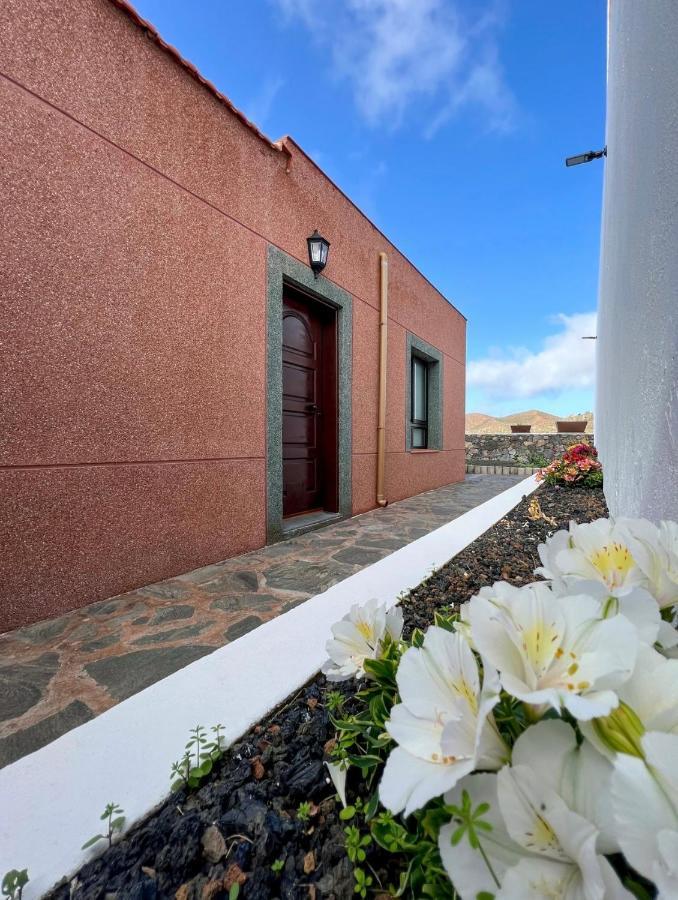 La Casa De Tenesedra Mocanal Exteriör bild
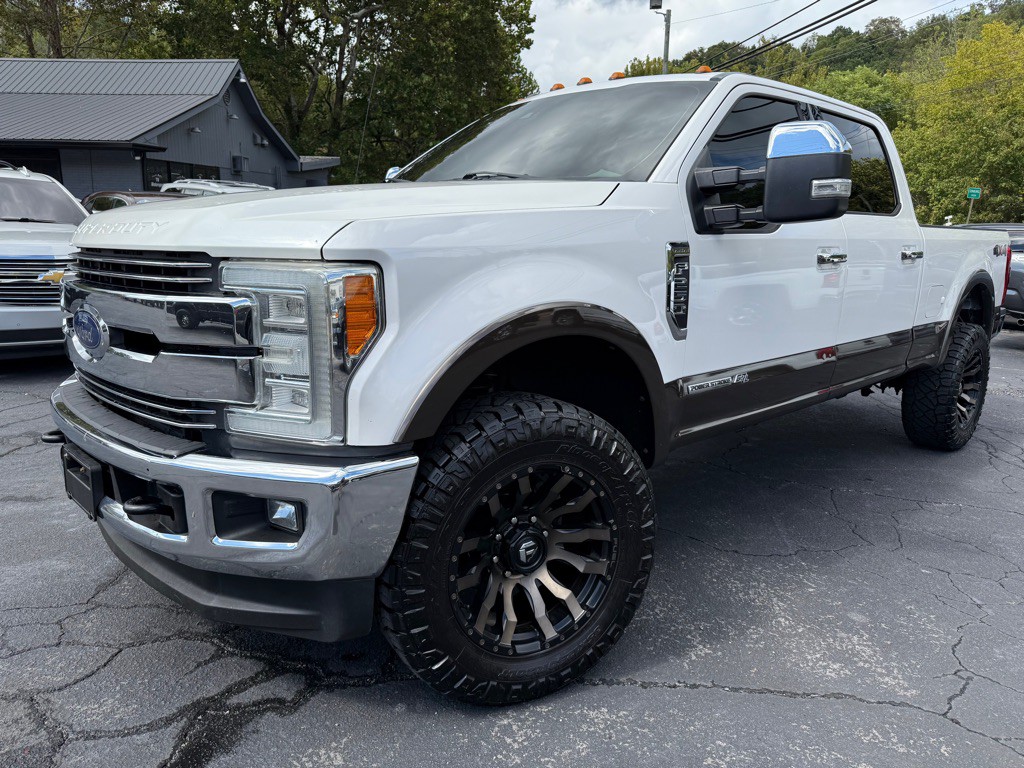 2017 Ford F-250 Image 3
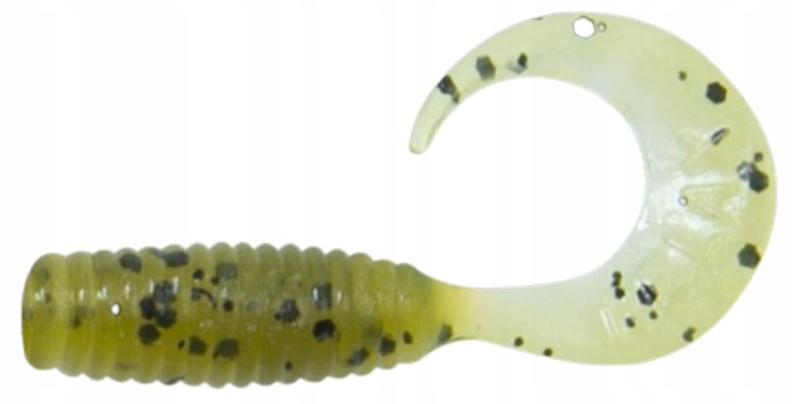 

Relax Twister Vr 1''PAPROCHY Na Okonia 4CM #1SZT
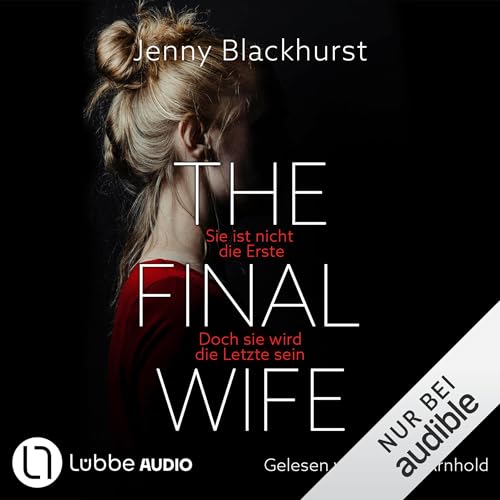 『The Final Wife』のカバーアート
##############################
▶ [What is being asked] From the line with "2017 Ford F-250 Image 3" to the last line above, restate each line word for word, but skip the pictures.

▶ [Output of the task]
 2017 Ford F-250 Image 3

Relax Twister Vr 1''PAPROCHY Na Okonia 4CM #1SZT
 『The Final Wife』のカバーアート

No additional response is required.